- Born: 1939 (age 86–87) La Plata, Argentina
- Education: Escuela Nacional Normal de San Fernando, Argentina
- Known for: Fabric artwork

= Alicia Creus =

Argentine artist (born 1939)

Alicia Creus (born 1939) is an Argentine artist who currently resides in the United States. She is known for using unusual media such as fabric and lace to create her pieces.

== Biography ==
Alicia Creus was born in 1939 in La Plata, Argentina. She grew up writing poetry and sculpting. This would have a huge effect on the rest of her work. Many of her pieces were based on poetry, or included verses in the art. In 1976, the president of Argentina was overthrown during a right-wing military coup. In the ensuing years, thousands of people would be "disappeared" by the government. To flee the unrest, Creus left the country and moved to New York City. She studied art at multiple schools in New York, before becoming a professor of painting at the University of North Carolina, Greensboro in 1991.

== Education ==
While in Argentina, Creus attended the Escuela Nacional Normal de San Fernando and the Universidad de Buenos Aires. After moving to New York, she studied painting at the New York Studio School in Greenwich and The Art Student's League in New York.

== Artwork ==
At first, Creus focused her efforts into poetry and writing. After she moved to New York in the late 70s, she became interested in the study of color and began painting organic subjects like flowers and fruits. The New York Times likened her pieces in the "Beyond the Surface" exhibition to paintings done by Matisse in Morocco and Nice. In the 1990s, she changed her style again and began using fabric to create her paintings. Many records of her work are of these fabric and textile pieces. She frequently implements poetry and verses from other poets in her pieces.
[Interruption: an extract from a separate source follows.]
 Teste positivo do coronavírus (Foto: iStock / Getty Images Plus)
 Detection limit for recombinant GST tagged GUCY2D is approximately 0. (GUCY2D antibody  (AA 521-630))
=== The Velázquez Series ===
The Velázquez Series is a collection of two of Creus' works, where she aimed to recreate parts of the influential 17th century painting "Las Meninas" by Diego Velázquez. She focuses on two figures central to Velázquez's original painting: the Infanta princess and the Dwarf Maribárbola.

In the first work, "The Desires of Maribárbola", Creus uses embroidery, fabric, and lace to recreate the image of the old court dwarf. In the background of the piece, embroidered a quote from Argentine poet Alfonsina Storni as a message from the dwarf to Diego Velázquez: "Espíritu divino, que de mi nada sabes... No podrias tomarme en tus manos suaves, y decirme en voz baja, desdichada críature?" Translated to English, the quote says "Divine spirit who knows nothing about me... Couldn’t you hold me in your soft hands, and whisper to me, unfortunate creature?"

The second work, "The Princess and her Keeper", she uses similar materials including linen, artificial flowers, and other fabrics to create the image of the Princess. In the original painting, the princess was the then 5-year-old Margeret Theresa, daughter of King Philip IV of Spain. In Creus' rendition, the princess symbolizes the "wishes of all girls to become princesses". She embroidered a verse from Nicaraguan poet Rubén Darío: "The princess is sad, what ails the princess. Sighs escape from her strawberry mouth."

=== The Dark Series ===
The alternate title of Creus' "Dark Series" is "a Oscuridad es otro Sol", or "Darkness is another Sun". This was based on the title of a series of stories by Olga Orozco, an Argentinean poet. This series of artworks are entirely black and white. Creus used handmade black paper and created figures using white crayon and layers of fabrics. Creus combined multiple pieces of paper asymmetrically to form a whole image from its component parts. Many images in the series feature "nomads", small hooded spirits that are present all throughout reality but rarely choose to show their presence.

=== Buenos Aires Suite ===
Creus' Buenos Aires series also feature the black hooded spirits known as "nomads". In this series, the nomads are shown in various photographs Creus took of parks in Buenos Aires. She uses a verse from Italian poet Giuseppe Unagaretti to describe the series: "Far far/like a blind man/they have taken me by the hand". These nomads are a recurring theme in Creus' work, including many of her drawings, prints, poems, and books.

== Exhibitions and collections ==

=== Exhibitions ===
Creus has had her works featured in many exhibitions since 1983. In particular, the city of Greensboro displayed many of her works alongside other UNCG faculty members in their yearly exhibitions.

- 1990 – "Beyond the Surface" @ Americas Society, New York
- 1996 – Weatherspoon Art Gallery
- 1997 – Weatherspoon Art Gallery
- 1997 – "The Veiled Mirrors" @ El Museo del Barrio, New York
- 2007 – UNCG Department of Art Faculty Biennial

=== Collections ===
Creus' work is held in many locations, including museums, archives and personal collections.